In his 1996 book How Brains Think: Evolving Intelligence, Then and Now, Calvin writes as an advocate of the idea that brain-based Darwinian processes are what provides brains with what are called "consciousness" and "intelligence". Calvin starts with the harmless division of brain processes into two types, those that depend on "cerebral ruts" (hardware) and those that dance more freely through the brain and so are able to function like "software"; Calvin usually calls these "firing patterns".

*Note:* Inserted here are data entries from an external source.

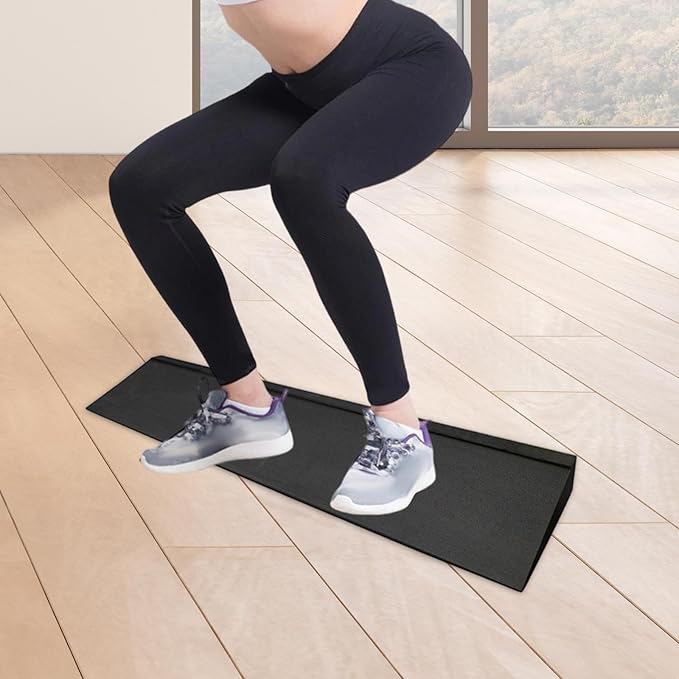 Qianly Squat Wedge Block Calf Stretcher EVA Foam Heel Elevated Squat Slant Board for Strength Pushup Fitness Improve Mobility Yoga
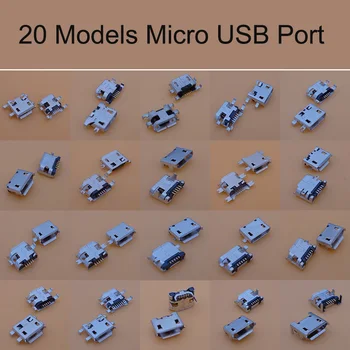 

20Models 100pcs/lot Universial Micro USB 5P Jacks USB Connector Tail Charging socket for ZTE Lenovo Huawei Mobile Phone Tablet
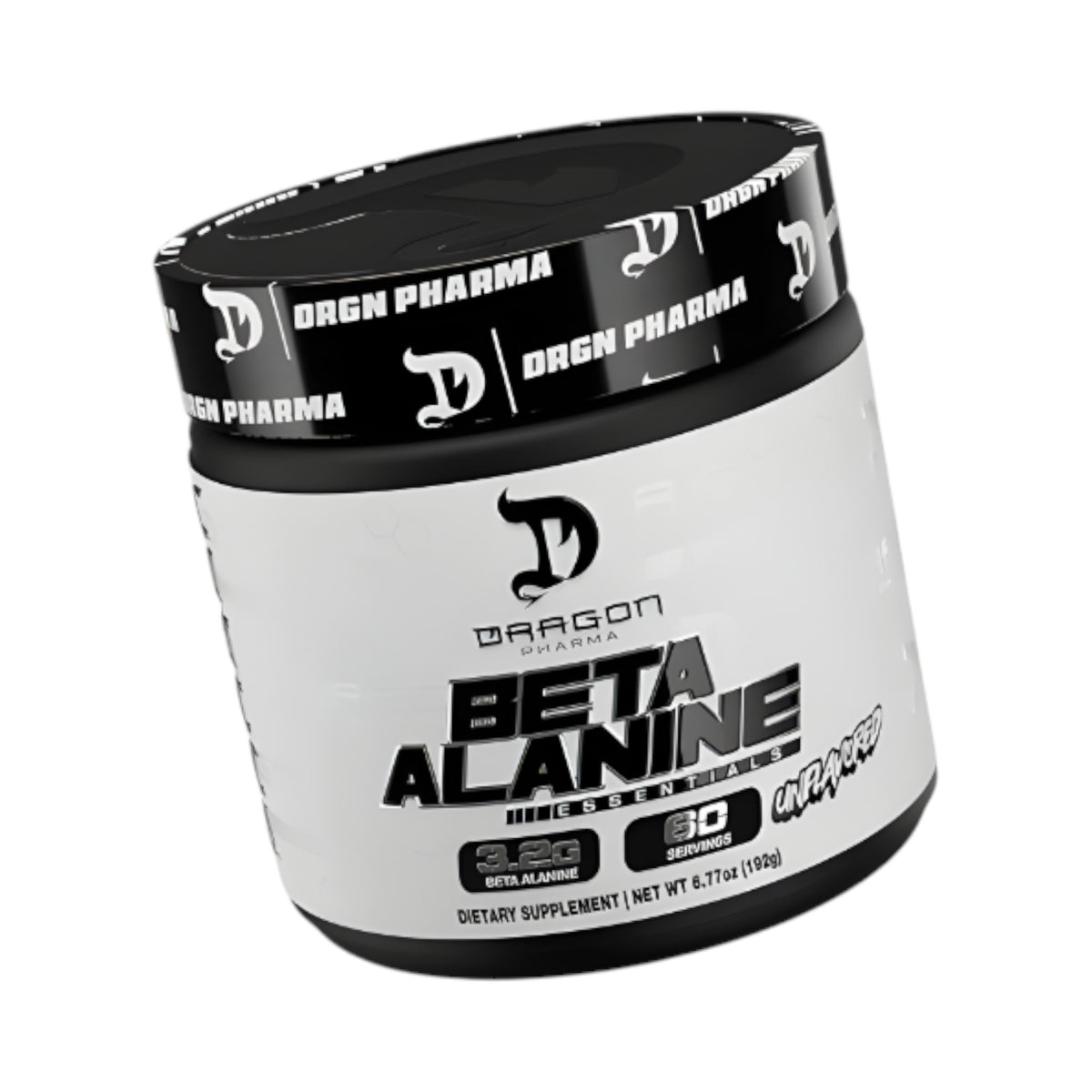 Envase de Beta-Alanine de Dragon Pharma en Somos Landa, suplemento deportivo en polvo sin sabor de 60 servicios.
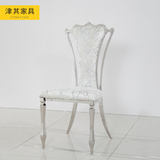 孔雀餐椅不锈钢餐椅简约现代欧式时尚高档绒布椅子新古典金属餐椅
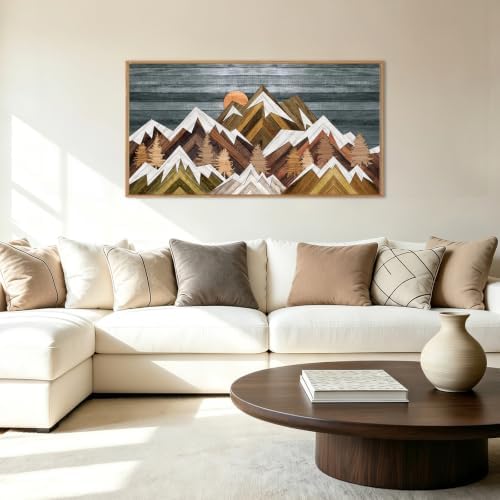 BINCUE Boho Mountain Wall Art Framed Mountain Landscape Canvas Artwork - Image 2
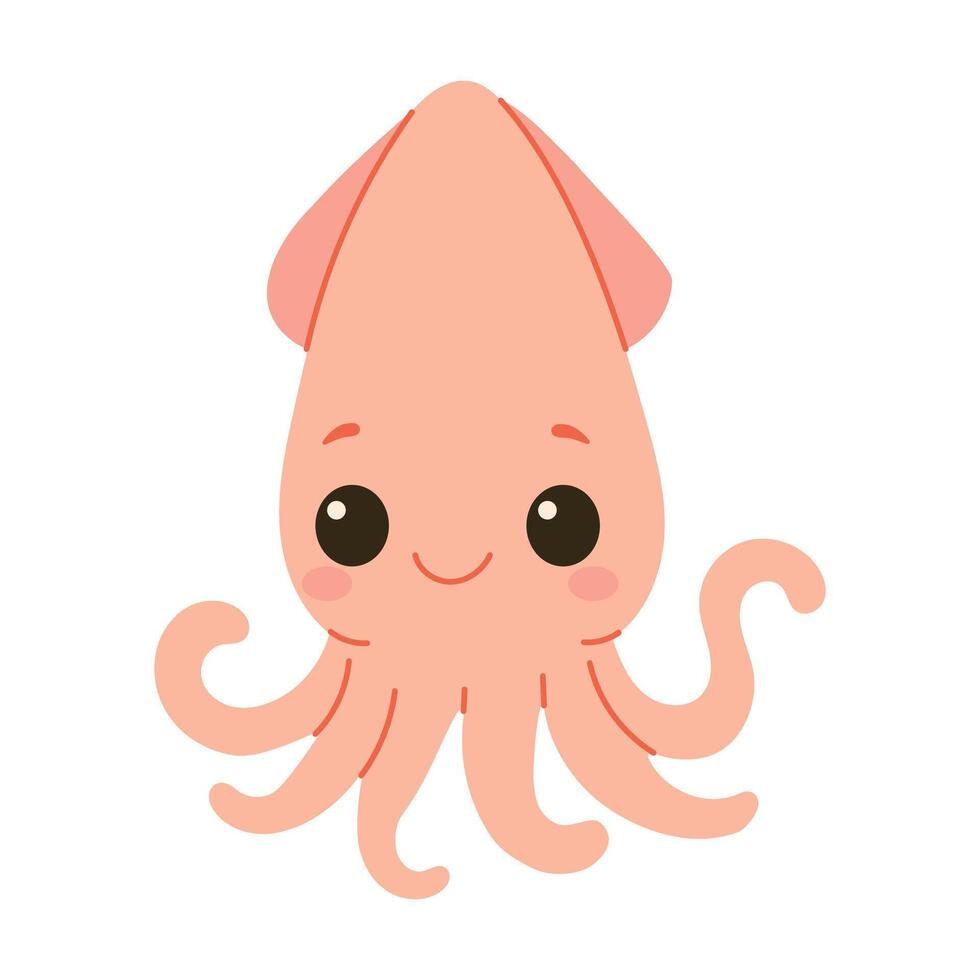 A cartoon octopus with a smile on its face. It is pink and has a big eye vector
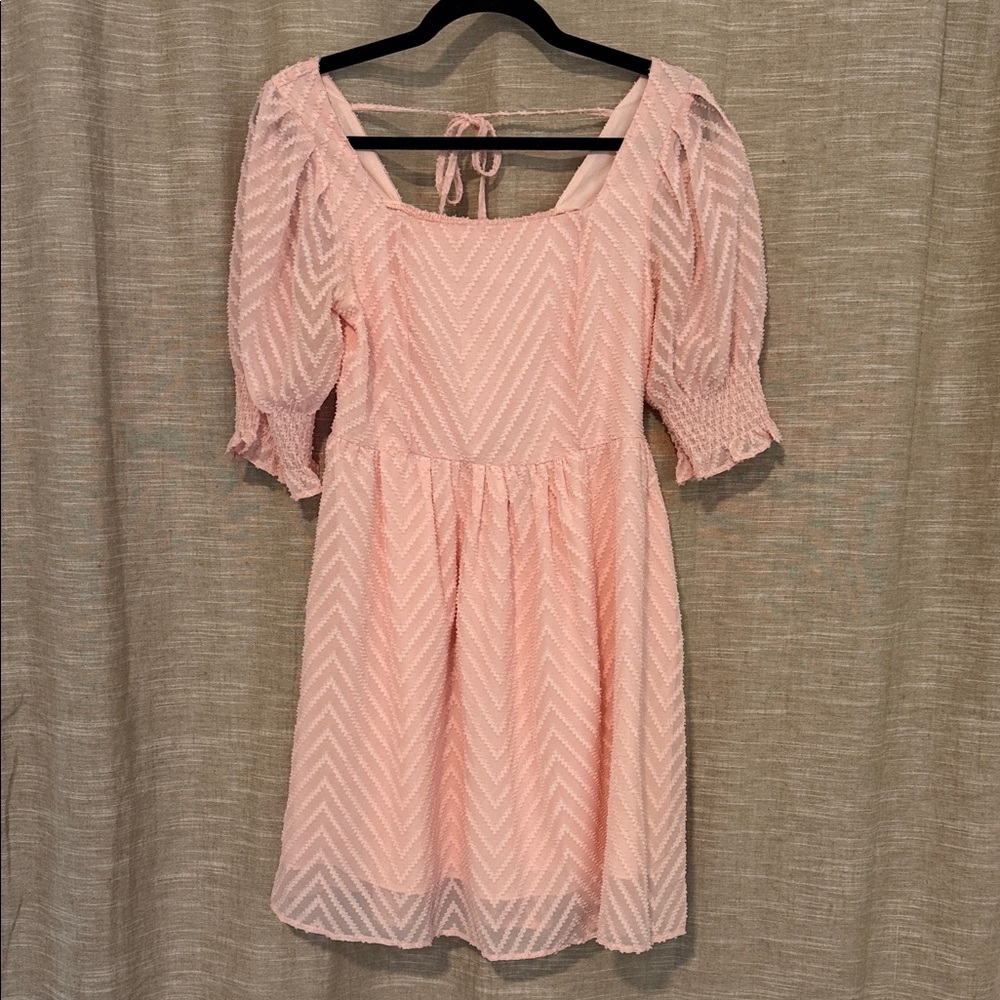 Light Pink Puff Sleeve Textured Dress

Calvin's more audacious step, in his research monograph The Cerebral Code, comes when he suggests that the pattern of action potentials in any particular neocortical minicolumn can be replicated and spread through the cortex like a piece of software code and be "played" on the millions of other minicolumns in the same way one can play a million copies of a compact disc (CD) on a million CD players – the key difference being that while all CD players are designed to do basically the same task, the various cortical minicolumns can all have their own unique "ruts" and the copies of the firing patterns are not exact duplicates.

This allows for a "cerebral symphony" rather than just a million-fold amplification of the same tune and a "survival of the fittest" process whereby those firing patterns that resonate best with the existing pool of "ruts" will dominate one's consciousness and generate intelligent behavior. ("Our long train of connected thoughts is why our consciousness is so different from what came before.")

In writing about what mind will become, in A Brief History of the Mind he notes, "We will likely shift gears again, juggling more concepts and making decisions even faster, imagining courses of action in greater depth. Ethics are possible only because of a human level of ability to speculate, judge quality, and modify our possible actions accordingly."

William H. Calvin has advanced the view that use of the Acheulean hand axe in hominids was a major factor in the evolution in human intelligence.